Revivez la sixième étape du Climat Libé Tour à Marseille heure par heure

En 2023, dans toute la France, «Libération» explore les enjeux de la transition écologique. Retrouvez au fil de la journée les constats et solutions déroulés par une trentaine d’intervenants lors de la sixième étape ce samedi à la Friche la Belle de Mai.
A la Friche la Belle de Mai de Marseille, ce samedi. (Olivier Monge/MYOP.Libération)
publié le 16 décembre 2023 à 12h18
(mis à jour le 16 décembre 2023 à 22h24)

A Marseille, Libé poursuit ce samedi son Climat Libé Tour, qui aborde les enjeux de la transition écologique. Avec comme fil rouge de la journée de ce samedi les pollutions, sur la mer, la terre ou dans l’air. Sur les questions des plastiques ou des mobilités, de la nuit ou des délits environnementaux, la deuxième ville la plus peuplée de France est en première ligne dans cette lutte majeure. Mais les discussions établies lors de cette sixième étape concernent la plupart des villes et territoires à travers le monde. Retrouvez toute la journée les constats et les solutions qui seront proposées par la trentaine de nos intervenants à la Friche la Belle de mai.

19 heures : Mediavivant, une enquête en spectacle

A la Friche la Belle de Mai, les goélands montent sur scène

«C’est la bande-son incontestée de Marseille. Vous l’avez sûrement croisé en venant, que ce soit en bande organisée sur le Vieux-Port ou trônant sur le couvercle d’une poubelle», sourit la journaliste de Libération Stéphanie Harounyan.
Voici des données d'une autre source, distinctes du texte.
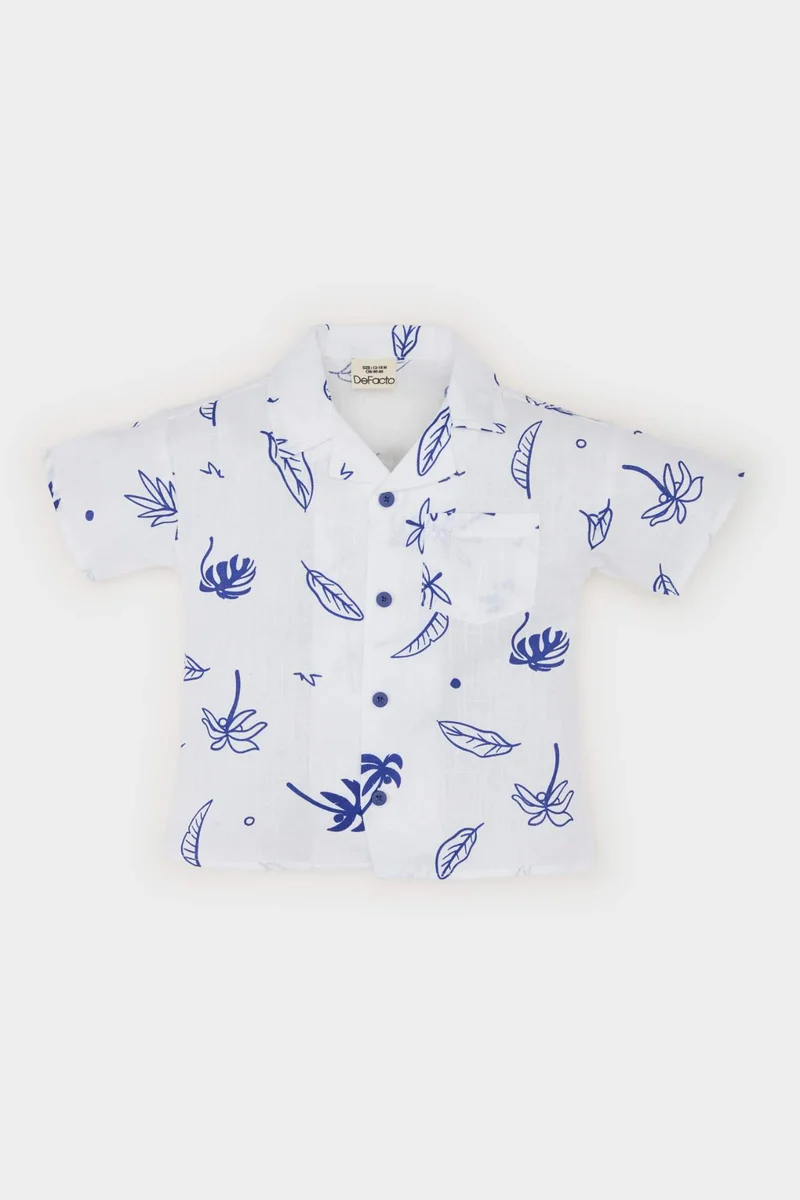 ديفاكتو Baby Boy Tropical Patterned Flam Poplin Shirt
En clôture de cette sixième étape du Climat Libé Tour, elle présente sur scène, avec Mediavivant, son enquête sur le goéland leucophée. «Gabian» pour les Marseillais. Oiseau aussi emblématique que mal-aimé, Marseille en accueille la plus grande population du Vieux Continent, affirme la mairie, avec 12 000 couples recensés et un envahissement progressif des villes.

«Un gabian, même en colère, c’est énormément de bluff», explique sur scène Anaël Marchas, médiateur juridique pour la Ligue de protection des oiseaux. De mars à juillet, les parents protecteurs peuvent certes se montrer agressifs mais rares sont les attaques entraînant des blessures. A Marseille, 348 interventions ont en revanche été recensées en un an suite à des nuisances sonores. Le responsable du secteur archipel du parc des Calanques Alain Mante, lui, rappelle l’intelligence des gabians : «Ils connaissent l’heure de livraison des restaurants, mais aussi les habitudes des humains en ce qui concerne les décharges.» Aucun doute pour lui : le problème ne vient pas du goéland, mais du gaspillage alimentaire.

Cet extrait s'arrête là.